It’s easy to forget that Warren Buffett has used the insurance business model to drive Berkshire Hathaway to great success. After all, the insurance industry basically uses other people’s money to help generate plenty of cash flow and interest. The secret to Berkshire’s success is in using that float to buy stocks and other assets. For those insurance firms skipping the heavy reliance on bonds, like our latest Best Dividend Capture Pick, it means equally great results.
You can check out the Best Dividend Capture Stocks List to explore all the stocks.
As we said, our pick is in the insurance industry. Specifically, our pick is an underwriter of property & casualty insurance (P&C). The P&C market is what most of us think of when it comes to insurance: products designed to reduce risks with life, home, auto, and other assets. This bread & butter insurance generates plenty of premiums and additional float that pads our pick’s profits, and ultimately, its shareholder rewards.
The secret is just what our pick does with all that cash and float.
Like Berkshire, our pick doesn’t just stick to treasury bonds and T-bills. It also uses all that float and invests it in the stock market and other asset classes. This helps generate extra returns for our pick. So much so, that underwriting becomes less of a profit driver than investment gains.
The win is that our pick has been great on the underwriting front as well.
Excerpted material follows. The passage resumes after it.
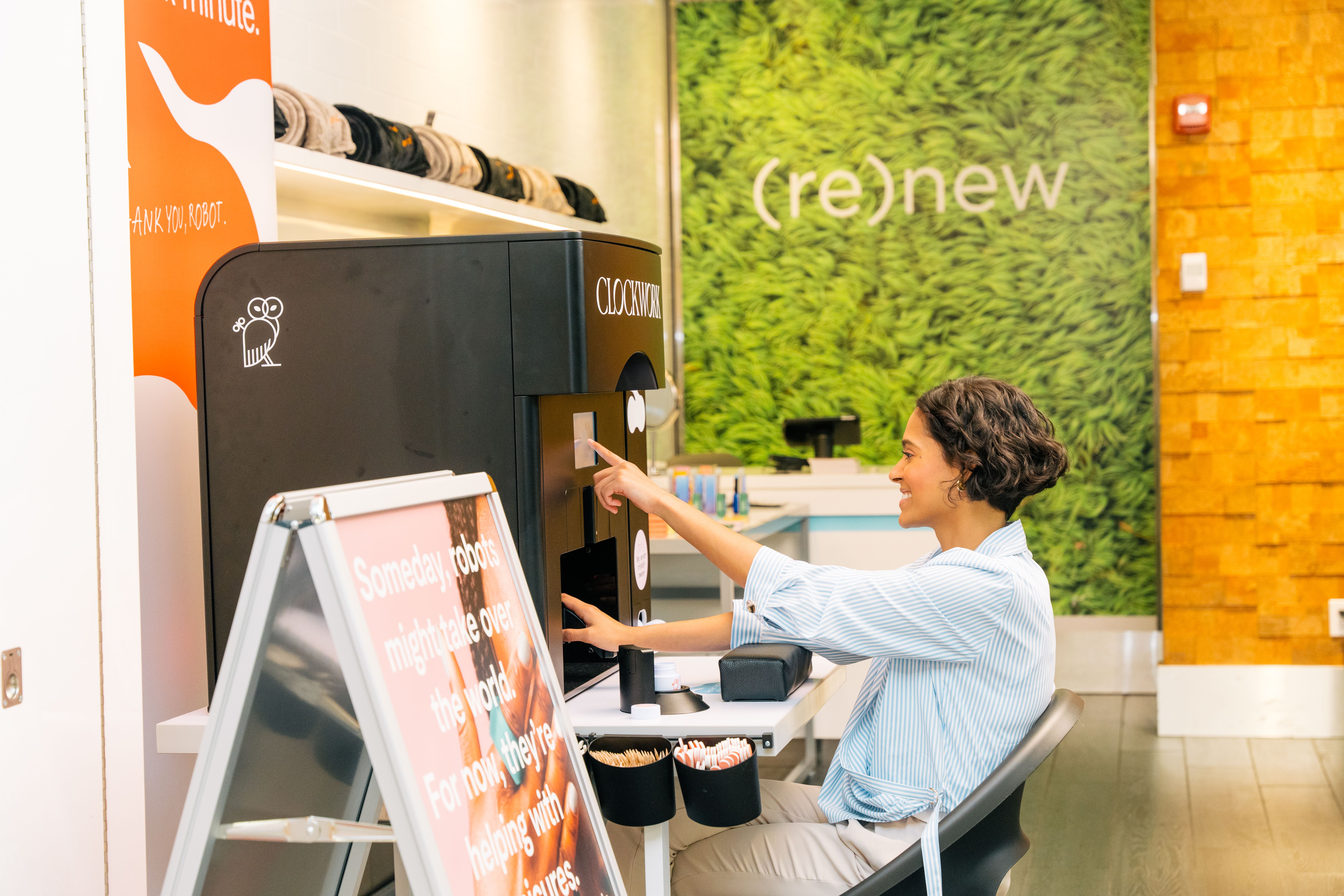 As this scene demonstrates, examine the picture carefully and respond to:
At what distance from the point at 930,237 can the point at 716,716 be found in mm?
4894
Thanks to new technology upgrades and models, our pick has continued to see strong underwriting growth, even during catastrophes such as the pandemic and California wildfires. At the same time, our pick has continued to move into specialty P&C insurance. Underwriting new risks comes with higher premiums, which in turn leads to more investment and a bigger float portfolio. The result is our pick continues to drive profits and gains for its shareholders.
With that in mind, our pick has become a cash flow champion and strong dividend payer. One that investors have made into an excellent dividend capture play as well. A dividend capture strategy involves buying a stock before its ex-dividend date and then selling it after it has recovered the payout. With an ex-dividend date of Monday, September 22, our pick is primed for the strategy, as is evident from its historical track record of a recovery period within an average of 2.6 days after going ex-dividend.
For investors looking for a quick total return of income and capital appreciation, our latest P&C insurance pick could be a lucrative option.